Problem requirements:
Your answer should be the records below, repeated exactly as they stand.

Task material:
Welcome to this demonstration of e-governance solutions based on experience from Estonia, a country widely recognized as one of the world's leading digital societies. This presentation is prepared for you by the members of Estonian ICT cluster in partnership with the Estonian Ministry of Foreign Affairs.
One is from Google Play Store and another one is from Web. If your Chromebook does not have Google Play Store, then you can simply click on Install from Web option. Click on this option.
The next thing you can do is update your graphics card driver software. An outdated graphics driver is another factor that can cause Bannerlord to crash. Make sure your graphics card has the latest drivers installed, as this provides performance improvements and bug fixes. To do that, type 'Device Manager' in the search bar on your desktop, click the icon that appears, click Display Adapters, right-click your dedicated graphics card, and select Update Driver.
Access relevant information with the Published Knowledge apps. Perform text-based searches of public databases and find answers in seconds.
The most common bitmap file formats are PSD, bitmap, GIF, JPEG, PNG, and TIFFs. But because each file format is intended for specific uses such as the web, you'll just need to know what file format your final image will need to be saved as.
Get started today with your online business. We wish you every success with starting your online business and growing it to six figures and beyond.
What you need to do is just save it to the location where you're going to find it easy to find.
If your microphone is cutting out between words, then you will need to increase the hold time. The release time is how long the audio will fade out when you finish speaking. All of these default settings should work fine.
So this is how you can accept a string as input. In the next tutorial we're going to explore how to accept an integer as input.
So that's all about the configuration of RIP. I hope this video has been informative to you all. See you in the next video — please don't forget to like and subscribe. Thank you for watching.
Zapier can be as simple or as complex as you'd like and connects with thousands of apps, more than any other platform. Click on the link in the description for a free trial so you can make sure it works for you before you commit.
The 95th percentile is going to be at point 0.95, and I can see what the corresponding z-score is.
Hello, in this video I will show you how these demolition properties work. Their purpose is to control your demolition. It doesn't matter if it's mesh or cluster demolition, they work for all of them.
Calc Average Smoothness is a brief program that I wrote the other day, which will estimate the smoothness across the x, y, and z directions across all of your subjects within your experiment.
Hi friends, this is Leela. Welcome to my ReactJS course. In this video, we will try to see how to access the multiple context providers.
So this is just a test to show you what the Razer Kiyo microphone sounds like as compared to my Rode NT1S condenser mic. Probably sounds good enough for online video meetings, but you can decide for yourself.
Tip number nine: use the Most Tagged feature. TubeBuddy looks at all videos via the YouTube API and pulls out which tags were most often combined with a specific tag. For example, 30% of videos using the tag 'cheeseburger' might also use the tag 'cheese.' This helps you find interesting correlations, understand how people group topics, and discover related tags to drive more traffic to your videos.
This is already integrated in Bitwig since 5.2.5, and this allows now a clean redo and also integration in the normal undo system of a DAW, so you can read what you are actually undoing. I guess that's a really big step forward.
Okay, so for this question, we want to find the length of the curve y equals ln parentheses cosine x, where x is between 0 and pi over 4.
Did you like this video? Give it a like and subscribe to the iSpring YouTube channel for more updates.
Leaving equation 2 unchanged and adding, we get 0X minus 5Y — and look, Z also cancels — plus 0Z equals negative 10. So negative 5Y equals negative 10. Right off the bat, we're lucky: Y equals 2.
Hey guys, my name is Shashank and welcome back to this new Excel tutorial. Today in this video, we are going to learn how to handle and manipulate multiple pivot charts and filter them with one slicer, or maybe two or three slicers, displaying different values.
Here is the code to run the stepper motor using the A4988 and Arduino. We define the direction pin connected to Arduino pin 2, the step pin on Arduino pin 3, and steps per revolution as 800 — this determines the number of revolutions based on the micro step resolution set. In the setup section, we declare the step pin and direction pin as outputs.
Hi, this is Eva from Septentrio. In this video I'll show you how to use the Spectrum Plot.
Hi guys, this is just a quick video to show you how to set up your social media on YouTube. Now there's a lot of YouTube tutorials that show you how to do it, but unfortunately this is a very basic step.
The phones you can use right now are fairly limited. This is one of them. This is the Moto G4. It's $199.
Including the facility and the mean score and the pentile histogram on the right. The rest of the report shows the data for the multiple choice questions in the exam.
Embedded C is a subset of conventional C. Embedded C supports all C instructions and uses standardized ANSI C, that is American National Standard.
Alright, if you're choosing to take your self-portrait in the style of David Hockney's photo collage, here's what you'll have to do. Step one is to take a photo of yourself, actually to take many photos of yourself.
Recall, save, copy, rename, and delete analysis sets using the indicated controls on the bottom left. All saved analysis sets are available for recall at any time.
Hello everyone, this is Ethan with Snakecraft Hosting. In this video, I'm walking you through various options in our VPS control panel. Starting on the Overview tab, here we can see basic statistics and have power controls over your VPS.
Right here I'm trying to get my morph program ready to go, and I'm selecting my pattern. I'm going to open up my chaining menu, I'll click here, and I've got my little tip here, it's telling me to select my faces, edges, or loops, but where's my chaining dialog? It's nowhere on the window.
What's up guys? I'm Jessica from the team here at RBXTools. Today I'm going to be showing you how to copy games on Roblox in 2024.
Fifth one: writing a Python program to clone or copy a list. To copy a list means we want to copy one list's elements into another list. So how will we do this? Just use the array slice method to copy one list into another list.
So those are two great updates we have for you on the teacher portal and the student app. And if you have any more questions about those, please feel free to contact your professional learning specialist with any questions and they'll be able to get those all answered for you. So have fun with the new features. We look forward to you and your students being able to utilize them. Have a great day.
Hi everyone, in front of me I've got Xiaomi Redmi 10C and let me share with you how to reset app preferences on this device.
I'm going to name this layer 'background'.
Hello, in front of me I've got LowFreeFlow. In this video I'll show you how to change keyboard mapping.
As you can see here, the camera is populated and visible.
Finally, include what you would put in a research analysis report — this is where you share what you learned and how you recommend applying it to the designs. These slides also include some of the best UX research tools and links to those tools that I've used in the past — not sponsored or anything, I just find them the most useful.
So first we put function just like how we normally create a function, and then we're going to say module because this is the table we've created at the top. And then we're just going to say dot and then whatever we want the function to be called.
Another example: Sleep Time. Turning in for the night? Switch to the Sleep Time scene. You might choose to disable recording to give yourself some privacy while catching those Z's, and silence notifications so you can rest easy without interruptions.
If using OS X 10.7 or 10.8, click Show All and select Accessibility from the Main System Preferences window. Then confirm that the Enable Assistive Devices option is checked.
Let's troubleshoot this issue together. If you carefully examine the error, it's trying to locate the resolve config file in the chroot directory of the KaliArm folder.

Response:
Welcome to this demonstration of e-governance solutions based on experience from Estonia, a country widely recognized as one of the world's leading digital societies. This presentation is prepared for you by the members of Estonian ICT cluster in partnership with the Estonian Ministry of Foreign Affairs.
One is from Google Play Store and another one is from Web. If your Chromebook does not have Google Play Store, then you can simply click on Install from Web option. Click on this option.
The next thing you can do is update your graphics card driver software. An outdated graphics driver is another factor that can cause Bannerlord to crash. Make sure your graphics card has the latest drivers installed, as this provides performance improvements and bug fixes. To do that, type 'Device Manager' in the search bar on your desktop, click the icon that appears, click Display Adapters, right-click your dedicated graphics card, and select Update Driver.
Access relevant information with the Published Knowledge apps. Perform text-based searches of public databases and find answers in seconds.
The most common bitmap file formats are PSD, bitmap, GIF, JPEG, PNG, and TIFFs. But because each file format is intended for specific uses such as the web, you'll just need to know what file format your final image will need to be saved as.
Get started today with your online business. We wish you every success with starting your online business and growing it to six figures and beyond.
What you need to do is just save it to the location where you're going to find it easy to find.
If your microphone is cutting out between words, then you will need to increase the hold time. The release time is how long the audio will fade out when you finish speaking. All of these default settings should work fine.
So this is how you can accept a string as input. In the next tutorial we're going to explore how to accept an integer as input.
So that's all about the configuration of RIP. I hope this video has been informative to you all. See you in the next video — please don't forget to like and subscribe. Thank you for watching.
Zapier can be as simple or as complex as you'd like and connects with thousands of apps, more than any other platform. Click on the link in the description for a free trial so you can make sure it works for you before you commit.
The 95th percentile is going to be at point 0.95, and I can see what the corresponding z-score is.
Hello, in this video I will show you how these demolition properties work. Their purpose is to control your demolition. It doesn't matter if it's mesh or cluster demolition, they work for all of them.
Calc Average Smoothness is a brief program that I wrote the other day, which will estimate the smoothness across the x, y, and z directions across all of your subjects within your experiment.
Hi friends, this is Leela. Welcome to my ReactJS course. In this video, we will try to see how to access the multiple context providers.
So this is just a test to show you what the Razer Kiyo microphone sounds like as compared to my Rode NT1S condenser mic. Probably sounds good enough for online video meetings, but you can decide for yourself.
Tip number nine: use the Most Tagged feature. TubeBuddy looks at all videos via the YouTube API and pulls out which tags were most often combined with a specific tag. For example, 30% of videos using the tag 'cheeseburger' might also use the tag 'cheese.' This helps you find interesting correlations, understand how people group topics, and discover related tags to drive more traffic to your videos.
This is already integrated in Bitwig since 5.2.5, and this allows now a clean redo and also integration in the normal undo system of a DAW, so you can read what you are actually undoing. I guess that's a really big step forward.
Okay, so for this question, we want to find the length of the curve y equals ln parentheses cosine x, where x is between 0 and pi over 4.
Did you like this video? Give it a like and subscribe to the iSpring YouTube channel for more updates.
Leaving equation 2 unchanged and adding, we get 0X minus 5Y — and look, Z also cancels — plus 0Z equals negative 10. So negative 5Y equals negative 10. Right off the bat, we're lucky: Y equals 2.
Hey guys, my name is Shashank and welcome back to this new Excel tutorial. Today in this video, we are going to learn how to handle and manipulate multiple pivot charts and filter them with one slicer, or maybe two or three slicers, displaying different values.
Here is the code to run the stepper motor using the A4988 and Arduino. We define the direction pin connected to Arduino pin 2, the step pin on Arduino pin 3, and steps per revolution as 800 — this determines the number of revolutions based on the micro step resolution set. In the setup section, we declare the step pin and direction pin as outputs.
Hi, this is Eva from Septentrio. In this video I'll show you how to use the Spectrum Plot.
Hi guys, this is just a quick video to show you how to set up your social media on YouTube. Now there's a lot of YouTube tutorials that show you how to do it, but unfortunately this is a very basic step.
The phones you can use right now are fairly limited. This is one of them. This is the Moto G4. It's $199.
Including the facility and the mean score and the pentile histogram on the right. The rest of the report shows the data for the multiple choice questions in the exam.
Embedded C is a subset of conventional C. Embedded C supports all C instructions and uses standardized ANSI C, that is American National Standard.
Alright, if you're choosing to take your self-portrait in the style of David Hockney's photo collage, here's what you'll have to do. Step one is to take a photo of yourself, actually to take many photos of yourself.
Recall, save, copy, rename, and delete analysis sets using the indicated controls on the bottom left. All saved analysis sets are available for recall at any time.
Hello everyone, this is Ethan with Snakecraft Hosting. In this video, I'm walking you through various options in our VPS control panel. Starting on the Overview tab, here we can see basic statistics and have power controls over your VPS.
Right here I'm trying to get my morph program ready to go, and I'm selecting my pattern. I'm going to open up my chaining menu, I'll click here, and I've got my little tip here, it's telling me to select my faces, edges, or loops, but where's my chaining dialog? It's nowhere on the window.
What's up guys? I'm Jessica from the team here at RBXTools. Today I'm going to be showing you how to copy games on Roblox in 2024.
Fifth one: writing a Python program to clone or copy a list. To copy a list means we want to copy one list's elements into another list. So how will we do this? Just use the array slice method to copy one list into another list.
So those are two great updates we have for you on the teacher portal and the student app. And if you have any more questions about those, please feel free to contact your professional learning specialist with any questions and they'll be able to get those all answered for you. So have fun with the new features. We look forward to you and your students being able to utilize them. Have a great day.
Hi everyone, in front of me I've got Xiaomi Redmi 10C and let me share with you how to reset app preferences on this device.
I'm going to name this layer 'background'.
Hello, in front of me I've got LowFreeFlow. In this video I'll show you how to change keyboard mapping.
As you can see here, the camera is populated and visible.
Finally, include what you would put in a research analysis report — this is where you share what you learned and how you recommend applying it to the designs. These slides also include some of the best UX research tools and links to those tools that I've used in the past — not sponsored or anything, I just find them the most useful.
So first we put function just like how we normally create a function, and then we're going to say module because this is the table we've created at the top. And then we're just going to say dot and then whatever we want the function to be called.
Another example: Sleep Time. Turning in for the night? Switch to the Sleep Time scene. You might choose to disable recording to give yourself some privacy while catching those Z's, and silence notifications so you can rest easy without interruptions.
If using OS X 10.7 or 10.8, click Show All and select Accessibility from the Main System Preferences window. Then confirm that the Enable Assistive Devices option is checked.
Let's troubleshoot this issue together. If you carefully examine the error, it's trying to locate the resolve config file in the chroot directory of the KaliArm folder.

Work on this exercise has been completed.